Figure 2.2. Milestones During the Early Days of RFID

From Detection to Unique Identification

During the 1970s, industries such as manufacturing, livestock, and transportation commenced research and development projects to find ways to use IC-based RFID systems. Applications like industrial automation, animal identification, and vehicle tracking were all under consideration. During this period, IC-based tags continued to advance and featured writeable memory, faster read speeds, and longer ranges. Many of these RFID applications were based on proprietary designs and did not leverage the power of a standards-based approach.

In the early 1980s, more sophisticated RFID technologies were employed in applications ranging from identification of railroad cars in the United States to tracking farm animals in Europe. RFID systems were also used in wildlife studies to tag and track exotic or endangered species such as fish with minimal intrusion into their natural habitats.

In the 1990s, electronic toll collection systems gained popularity on both sides of the Atlantic, with commercial implementations in Italy, France, Spain, Portugal, Norway, and in the United States in Dallas, New York, and New Jersey. These systems offered a more sophisticated form of access control because they also included a payment mechanism.

Starting in 1990, several regional toll agencies in the northeastern United States joined forces under the name of E-ZPass Interagency Group (IAG), and together they developed a regionally compatible electronic toll collection system. This step was a major milestone toward creating application-level standards for interoperability. Until this point, most standardization efforts were centered on technical attributes such as frequency of operation and hardware communication protocols.

E-ZPass enabled a single tag to correspond to a single billing account per vehicle. The tagged vehicle then had access to highways of multiple toll authorities without having to stop at a tollbooth. E-Z Pass helped traffic to flow more easily and dramatically reduced the labor involved in collecting tolls and handling cash.

Around the same time, RFID card keys became increasingly popular as a replacement for traditional access control mechanisms such as metallic keys and combination locks. These so-called contactless smart cards provided information about the user and thus offered a more personalized method of access control, while being inexpensive to produce and program. Table 2.1 compares the most common methods of access control with that of RFID access control.

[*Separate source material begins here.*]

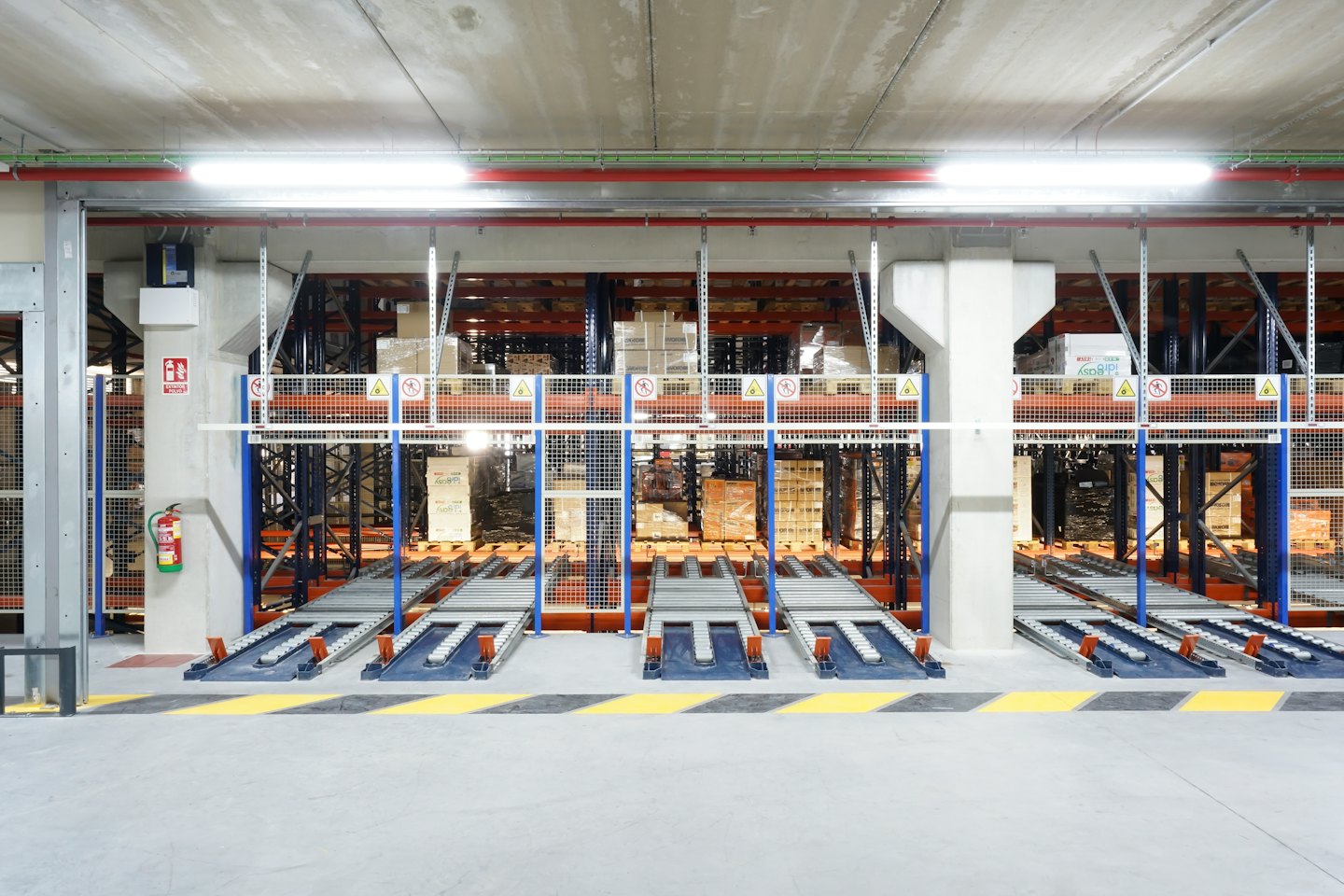Magazzino automatizzato con scaffalature per pallet e sistemi di trasporto.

Table 2.1. Comparison of Various Access Control Methods

Access Control Method

Pros

Cons

Metallic Key

Does not need electricity to function
Easy to use

Can be copied easily
Lock can be picked
Susceptible to theft

Combination Lock

Combination can be easily changed
No key to be lost or stolen

More expensive than a key-lock
Vulnerable to eavesdropping

Punch Card

Cannot be duplicated as easily as a metallic key

Older technology with little flexibility
Easy to duplicate

Magnetic Strip

Cannot be easily copied
Card readers widely available

Prolonged use can damage card
Installation requires costly IT infrastructure

Smart Card

Same card can also be used for applications other than access control (e.g. payment)
Provides more security than Magnetic Strip Cards

More expensive than a Magnetic Strip Card

RFID

All the Pros of Smart Cards
Requires no contact
Can be embedded in items other than cards and under the skin

Can be more expensive than Smart Cards

RFID access control has continued to gain new levels of acceptance. Automobile manufacturers have been using RFID tags for nearly a decade to control the ignition systems in their vehicles, resulting in dramatic reductions in car theft. Most recently, some automakers have equipped their vehicles with RFID systems that directly control entry into the passenger compartment and the trunk.